*** Opening of Records ***

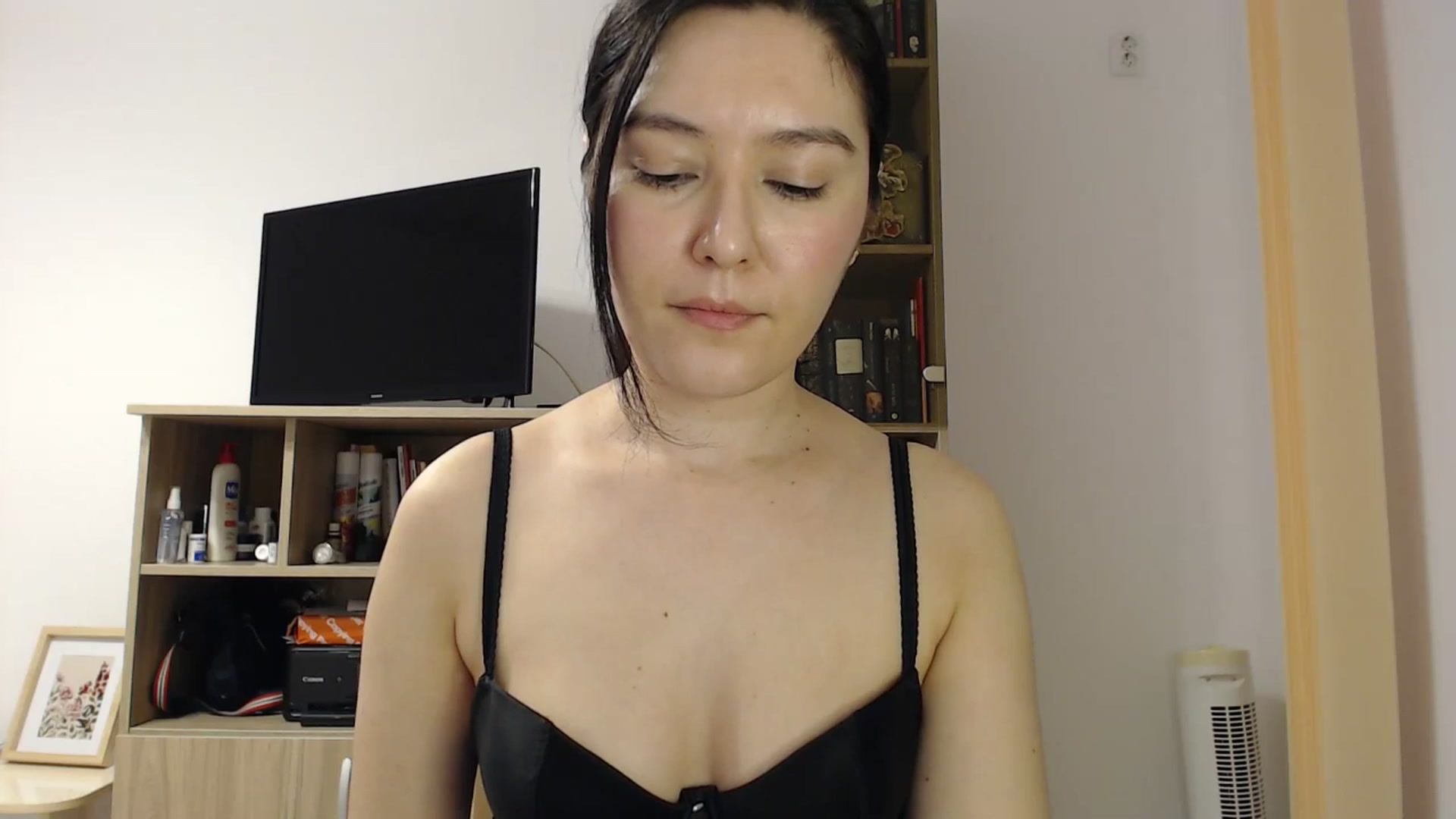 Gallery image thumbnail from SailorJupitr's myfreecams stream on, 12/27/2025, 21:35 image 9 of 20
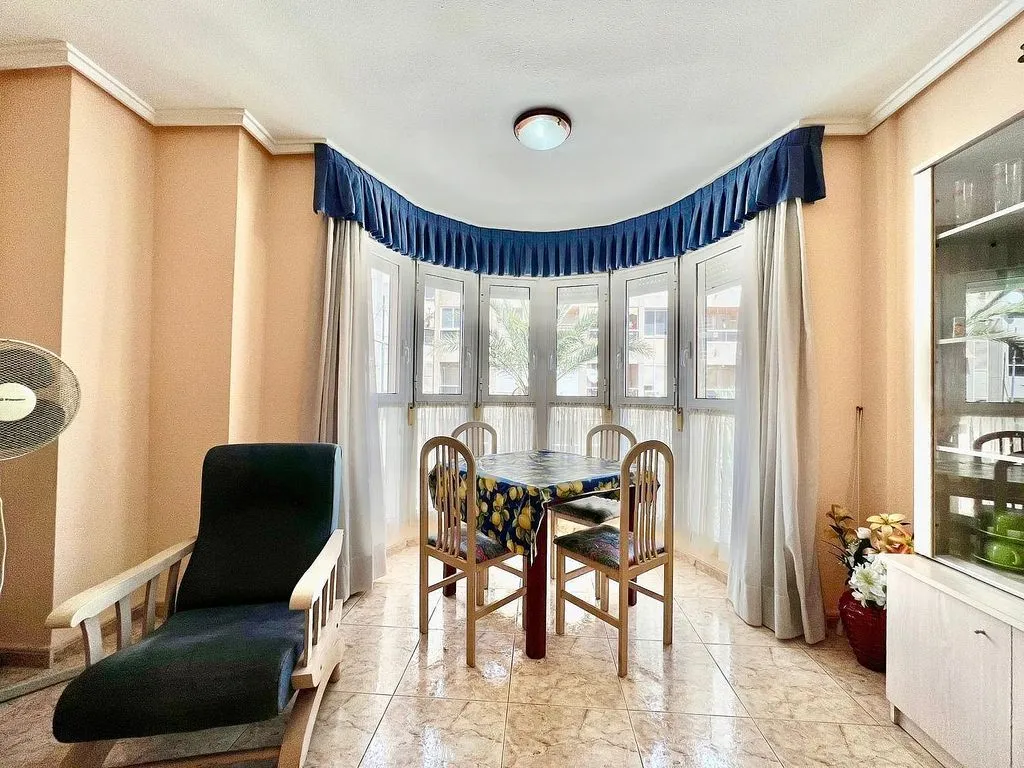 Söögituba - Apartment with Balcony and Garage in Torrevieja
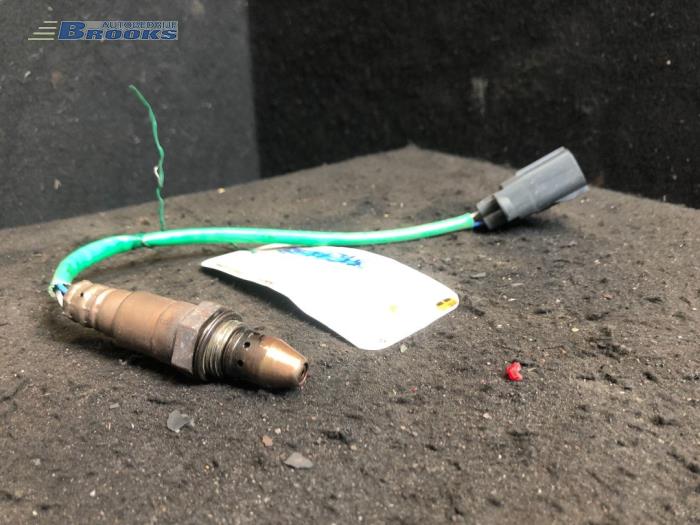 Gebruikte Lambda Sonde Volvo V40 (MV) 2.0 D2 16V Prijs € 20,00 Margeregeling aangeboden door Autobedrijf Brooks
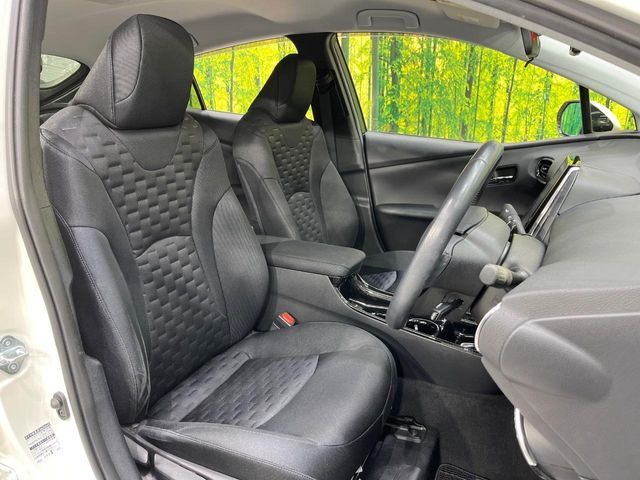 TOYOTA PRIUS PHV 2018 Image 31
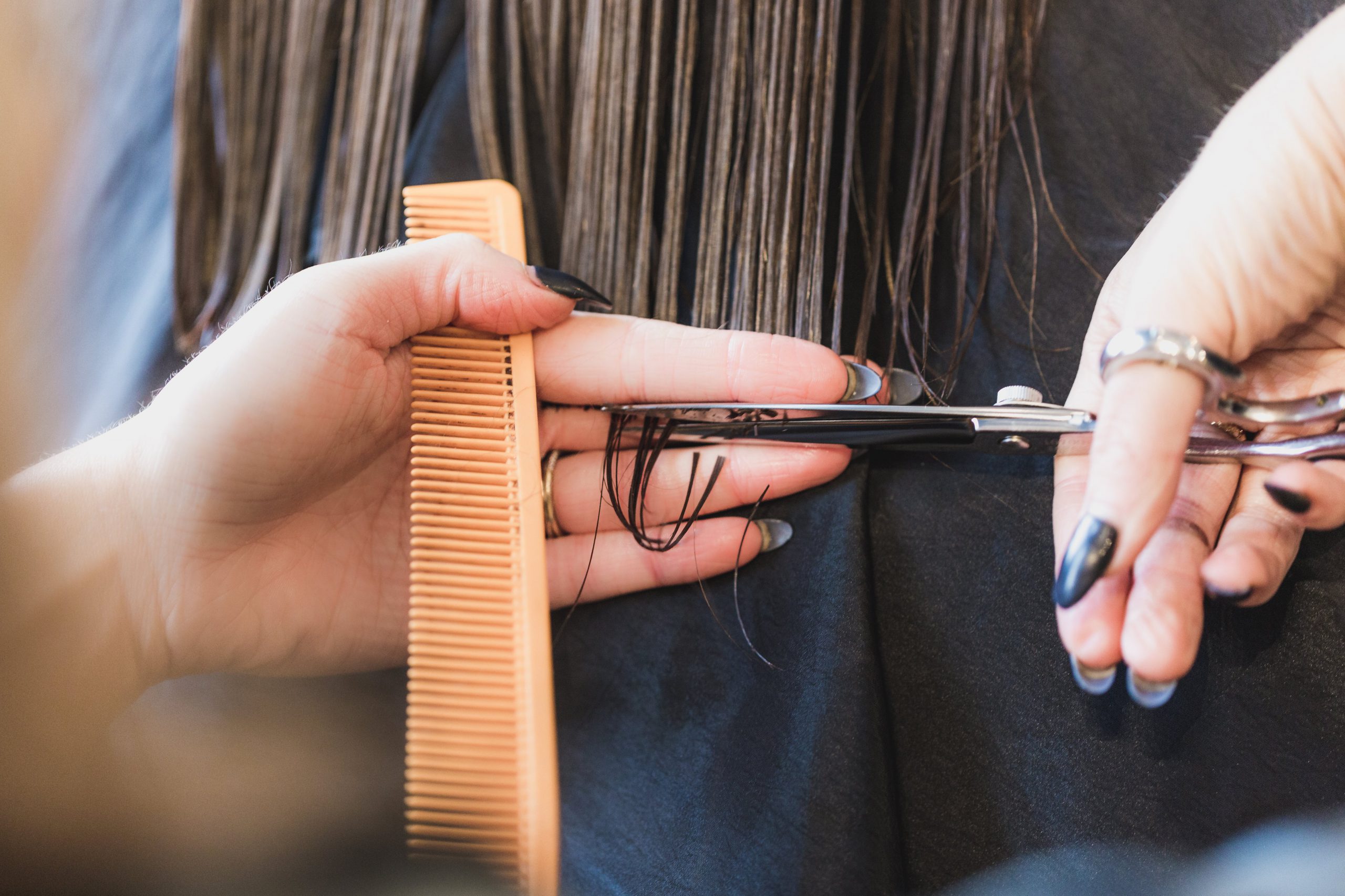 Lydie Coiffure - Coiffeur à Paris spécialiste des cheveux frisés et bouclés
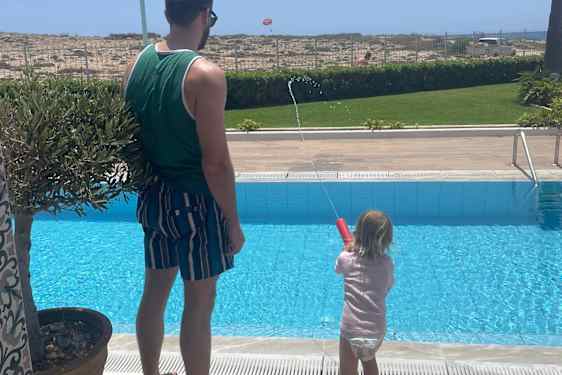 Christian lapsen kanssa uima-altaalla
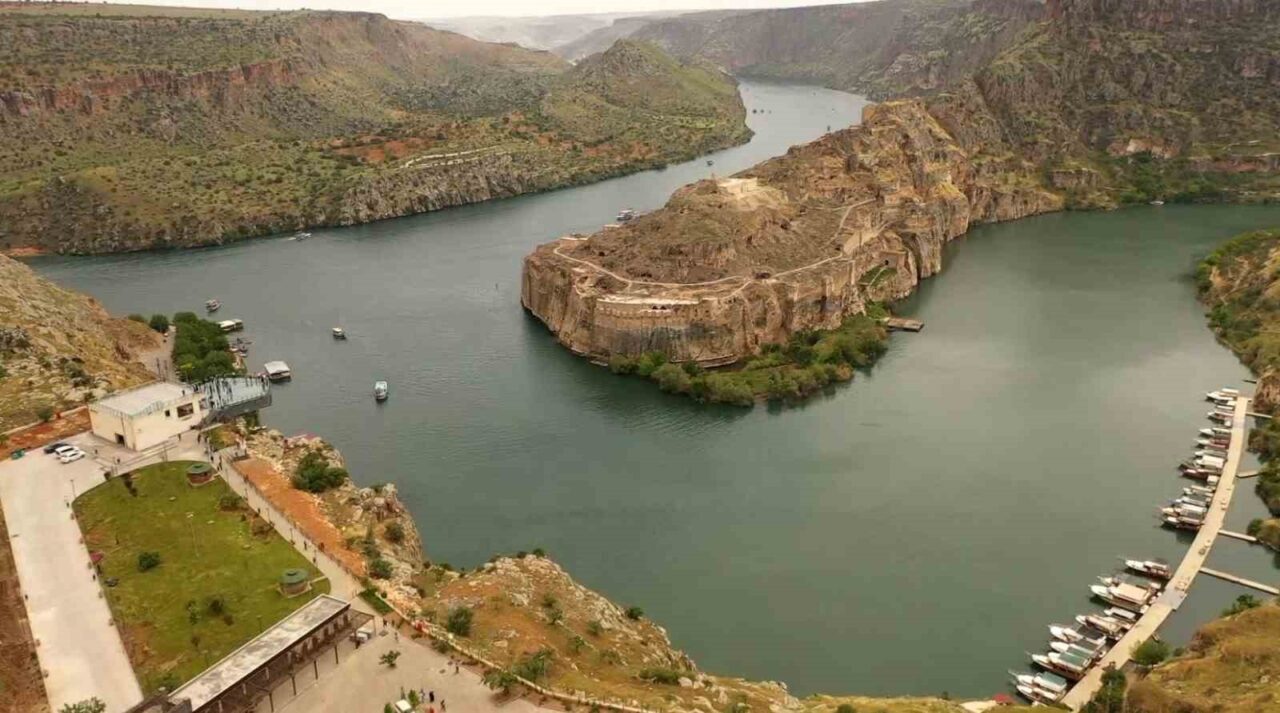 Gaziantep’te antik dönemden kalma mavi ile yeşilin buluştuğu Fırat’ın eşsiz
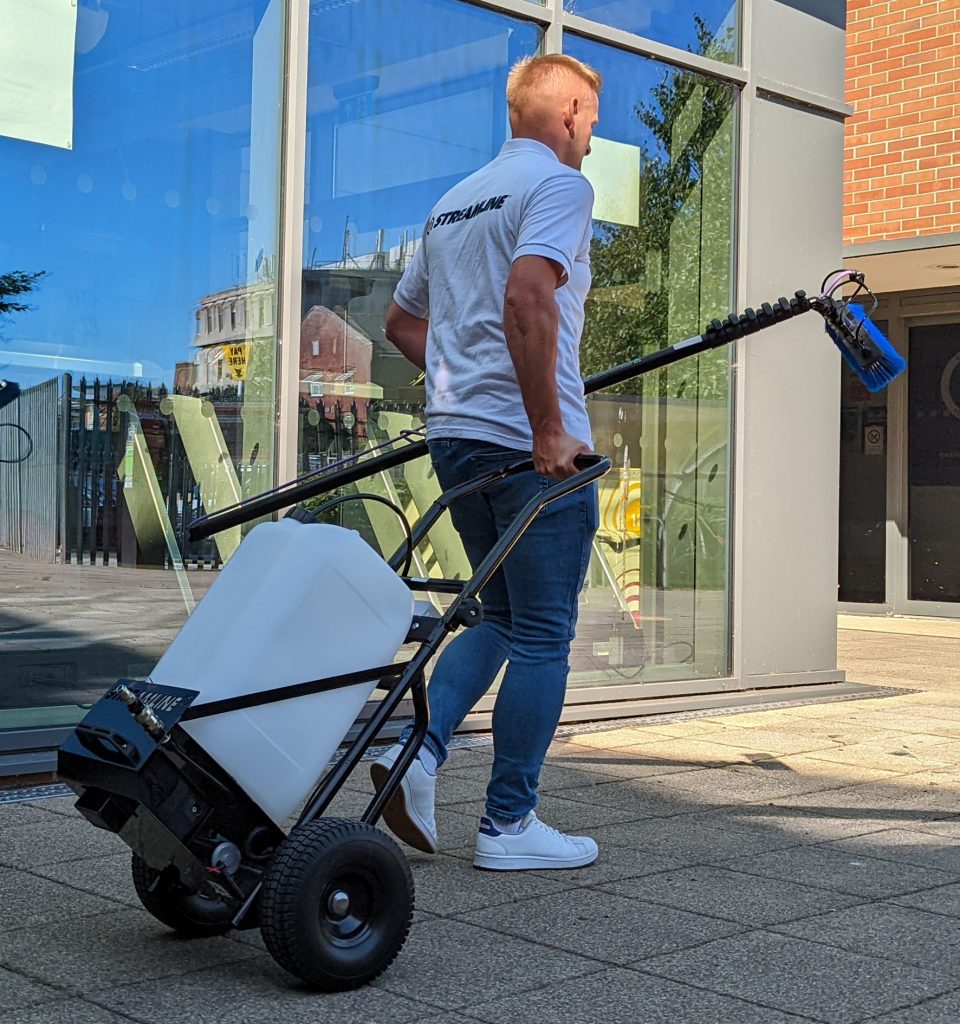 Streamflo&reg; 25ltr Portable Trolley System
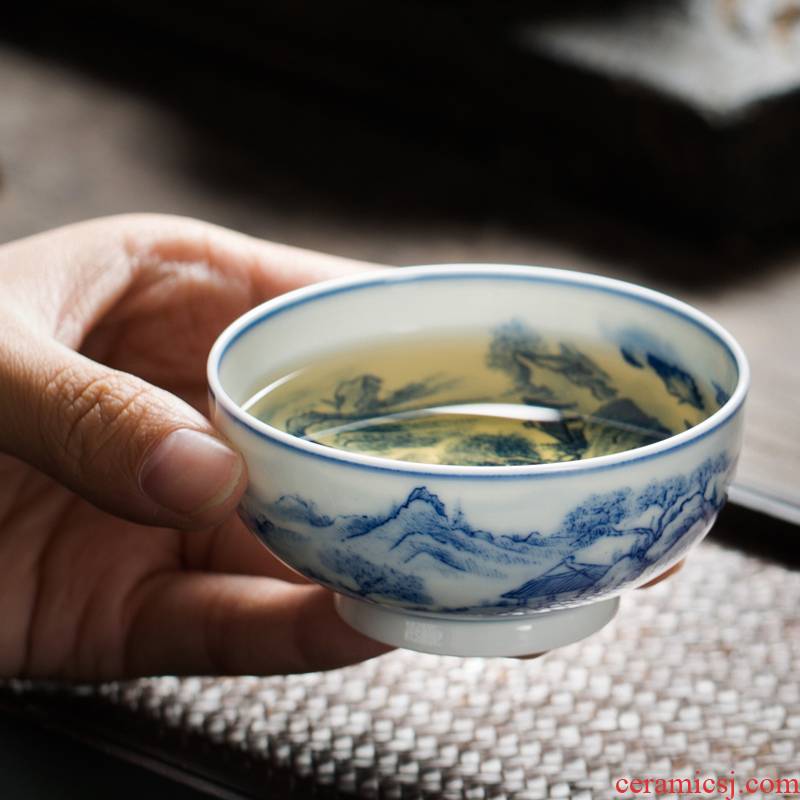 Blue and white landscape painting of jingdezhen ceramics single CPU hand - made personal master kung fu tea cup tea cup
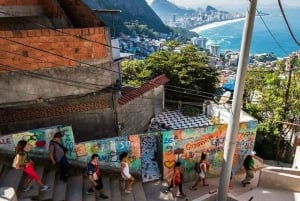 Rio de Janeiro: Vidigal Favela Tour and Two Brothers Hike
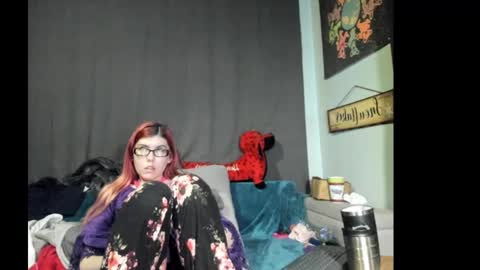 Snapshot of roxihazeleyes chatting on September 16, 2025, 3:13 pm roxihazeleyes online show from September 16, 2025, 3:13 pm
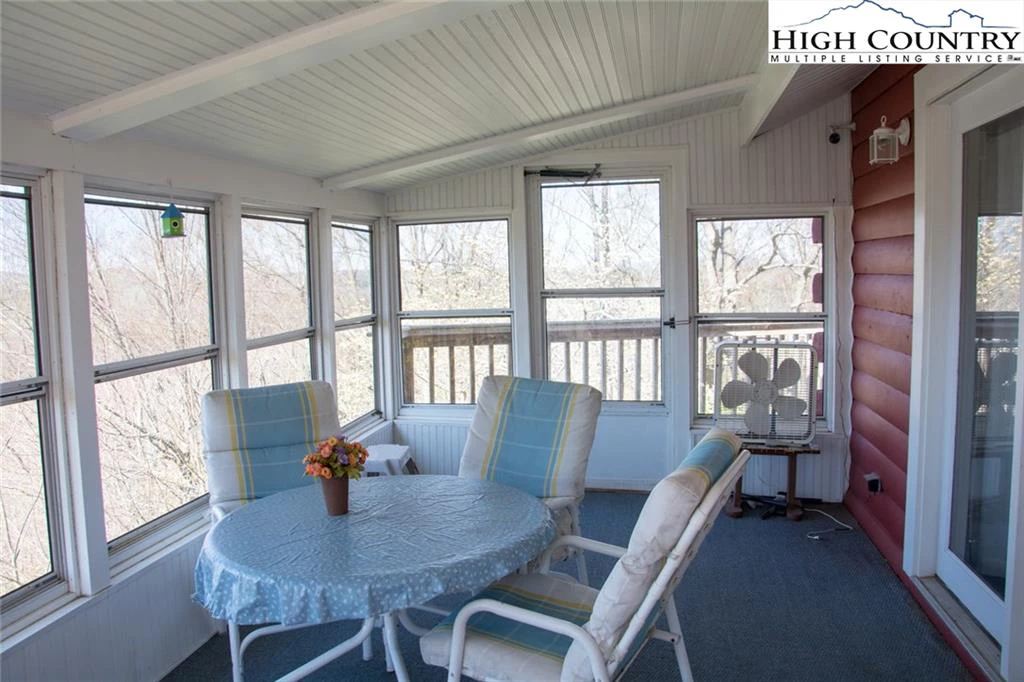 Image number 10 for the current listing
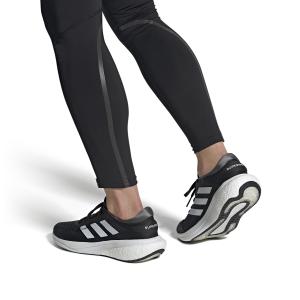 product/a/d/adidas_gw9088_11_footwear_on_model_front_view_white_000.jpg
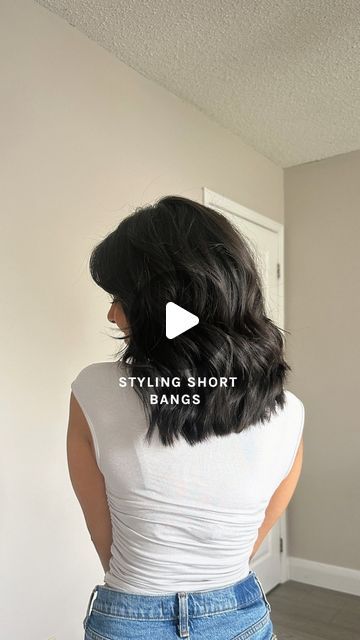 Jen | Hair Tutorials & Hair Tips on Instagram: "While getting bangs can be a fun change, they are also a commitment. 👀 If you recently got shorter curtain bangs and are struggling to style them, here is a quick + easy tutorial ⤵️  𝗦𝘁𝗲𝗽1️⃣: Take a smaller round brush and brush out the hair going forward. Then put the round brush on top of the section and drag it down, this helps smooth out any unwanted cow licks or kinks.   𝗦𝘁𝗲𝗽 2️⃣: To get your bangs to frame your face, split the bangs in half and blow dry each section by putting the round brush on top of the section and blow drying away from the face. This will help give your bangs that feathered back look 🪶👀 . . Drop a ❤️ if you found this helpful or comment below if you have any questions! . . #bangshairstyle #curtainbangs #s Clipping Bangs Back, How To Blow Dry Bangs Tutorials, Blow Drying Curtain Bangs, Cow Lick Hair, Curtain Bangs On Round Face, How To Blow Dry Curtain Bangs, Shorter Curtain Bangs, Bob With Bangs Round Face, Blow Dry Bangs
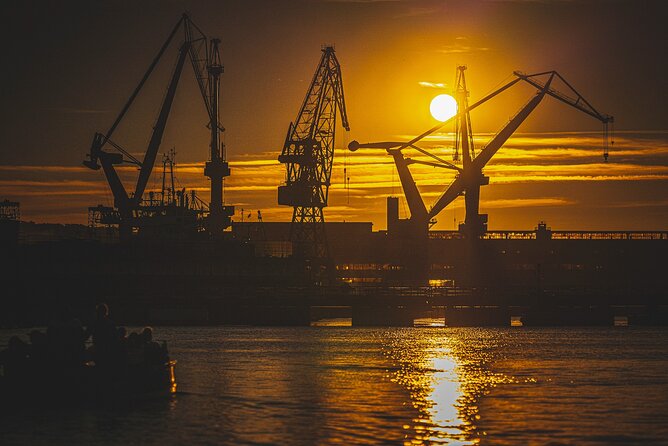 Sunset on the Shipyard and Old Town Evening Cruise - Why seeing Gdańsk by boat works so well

*** Close of Records ***

# Goal of the exercise
Only the lines from the one containing "Gebruikte Lambda Sonde" through the last line of the data may appear in the answer, each given again exactly and with pictures left out.

# Answer to this problem
 Gebruikte Lambda Sonde Volvo V40 (MV) 2.0 D2 16V Prijs € 20,00 Margeregeling aangeboden door Autobedrijf Brooks
 TOYOTA PRIUS PHV 2018 Image 31
 Lydie Coiffure - Coiffeur à Paris spécialiste des cheveux frisés et bouclés
 Christian lapsen kanssa uima-altaalla
 Gaziantep’te antik dönemden kalma mavi ile yeşilin buluştuğu Fırat’ın eşsiz
 Streamflo&reg; 25ltr Portable Trolley System
 Blue and white landscape painting of jingdezhen ceramics single CPU hand - made personal master kung fu tea cup tea cup
 Rio de Janeiro: Vidigal Favela Tour and Two Brothers Hike
 Snapshot of roxihazeleyes chatting on September 16, 2025, 3:13 pm roxihazeleyes online show from September 16, 2025, 3:13 pm
 Image number 10 for the current listing
 product/a/d/adidas_gw9088_11_footwear_on_model_front_view_white_000.jpg
 Jen | Hair Tutorials & Hair Tips on Instagram: "While getting bangs can be a fun change, they are also a commitment. 👀 If you recently got shorter curtain bangs and are struggling to style them, here is a quick + easy tutorial ⤵️  𝗦𝘁𝗲𝗽1️⃣: Take a smaller round brush and brush out the hair going forward. Then put the round brush on top of the section and drag it down, this helps smooth out any unwanted cow licks or kinks.   𝗦𝘁𝗲𝗽 2️⃣: To get your bangs to frame your face, split the bangs in half and blow dry each section by putting the round brush on top of the section and blow drying away from the face. This will help give your bangs that feathered back look 🪶👀 . . Drop a ❤️ if you found this helpful or comment below if you have any questions! . . #bangshairstyle #curtainbangs #s Clipping Bangs Back, How To Blow Dry Bangs Tutorials, Blow Drying Curtain Bangs, Cow Lick Hair, Curtain Bangs On Round Face, How To Blow Dry Curtain Bangs, Shorter Curtain Bangs, Bob With Bangs Round Face, Blow Dry Bangs
 Sunset on the Shipyard and Old Town Evening Cruise - Why seeing Gdańsk by boat works so well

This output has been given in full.